§ REQUIRED WORK: Full transcription, minus images: write out the listing below exactly as it appears.

━━ DATA ━━

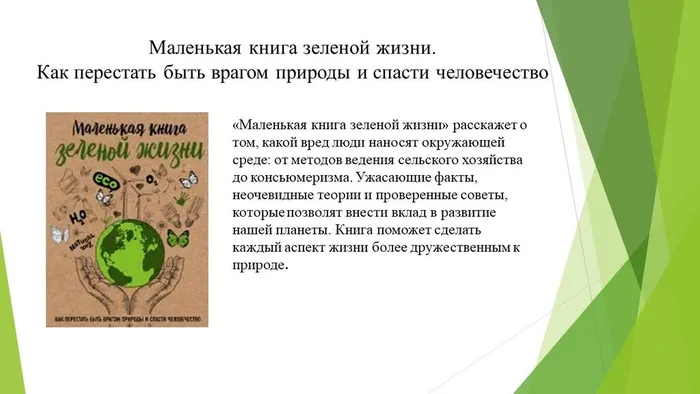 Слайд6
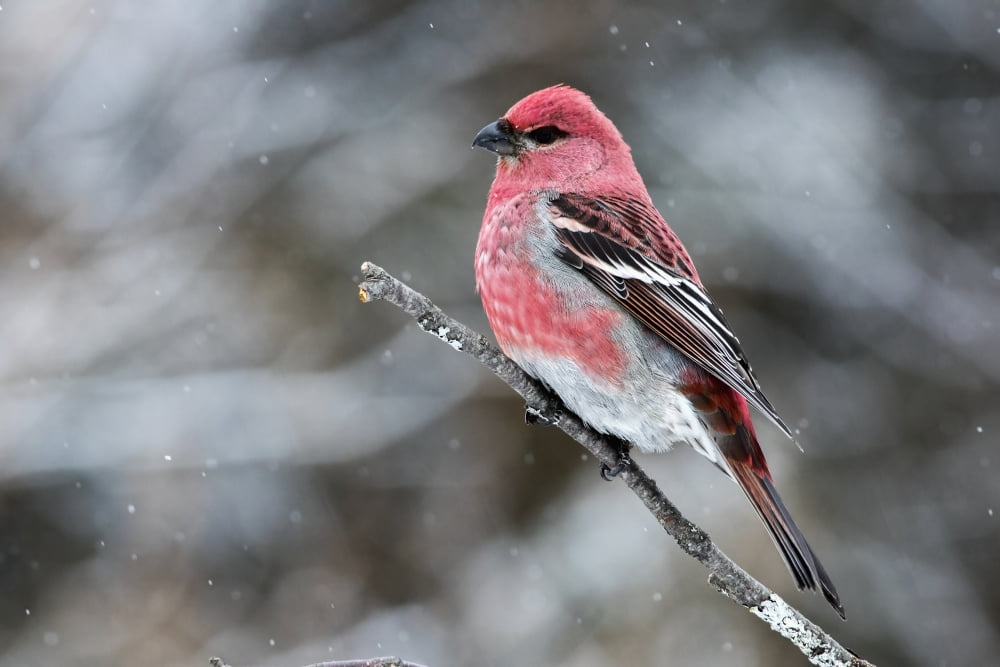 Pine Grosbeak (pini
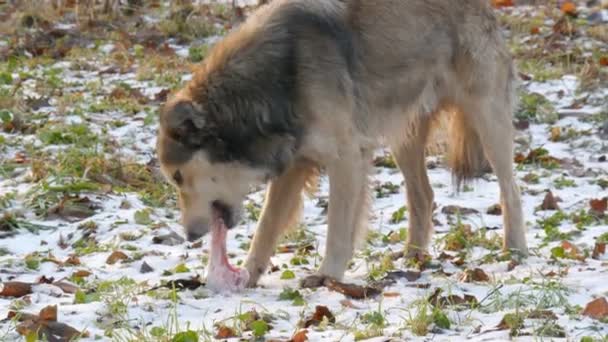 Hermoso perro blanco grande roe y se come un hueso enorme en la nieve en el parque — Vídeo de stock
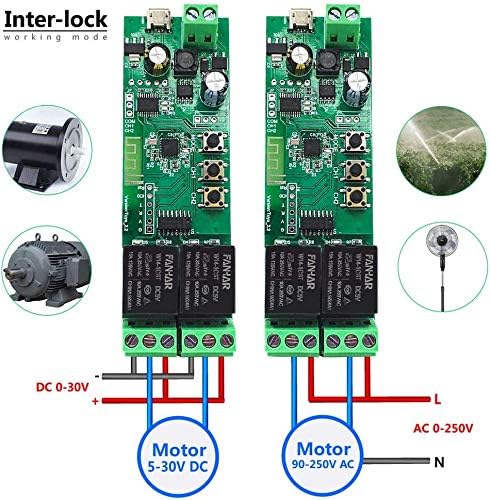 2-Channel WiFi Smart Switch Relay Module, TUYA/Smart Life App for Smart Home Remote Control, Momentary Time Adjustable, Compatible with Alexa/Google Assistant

━━━

§ RESPONSE AREA:
 Слайд6
 Pine Grosbeak (pini
 Hermoso perro blanco grande roe y se come un hueso enorme en la nieve en el parque — Vídeo de stock
 2-Channel WiFi Smart Switch Relay Module, TUYA/Smart Life App for Smart Home Remote Control, Momentary Time Adjustable, Compatible with Alexa/Google Assistant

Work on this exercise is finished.